The Burnt-Out Town of Miracles was published in Britain in 2008. Jacobsen lives in Oslo. At age 16 he was arrested by the police and kept in solitary confinement for 35 days.
He was subsequently convicted of among other things weapons offences and theft, and given a six-month suspended sentence.
He held a number of occupations, even subsequent to his debut as a novelist in 1982. Since 1990 he has been a full-time author
During the years 1979 - 1986 he lived at his mother"s homestead at Solfjellsjøen in the municipality Dønna in the Northern Norwegian county Nordland, and both the background of his mother as well as his own upbringing in Groruddalen were central themes of his breakthrough novel Seierherrene from 1991. This novel has described perhaps more directly than any other Norwegian work of fiction to the Norwegian public a phenomenon known in Norwegian culture as "the great class journey" – the upward motion through social strata experienced by large segments of the Norwegian population during a few generations in the 20th century.
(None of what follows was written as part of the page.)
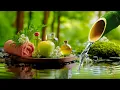 Download Lagu Relaxing Sleep Music + Bamboo Water Sound 🌿 Insomnia Relief, Calm Anxiety, Stress Relief, Meditation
From the perspective of one family and spanning two generations the living conditions of the common man in Norway during the past 80 years is depicted, showing the tremendous pace with which an agrarian and proletarian society with its inherently rigid framework was transformed into a post-industrial, technological education and welfare society with a plethora of opportunities, however also presenting a newly created sense of identity for many of its citizens.
Having proved himself in this fashion, Jacobsen became a natural choice as the biographer of Trygve Bratteli, the former Labour Party prime minister (1995).
In his teens, Jacobsen was a member of the criminal "Årvoll gang". He is a member of the Norwegian Academy for Language and Literature.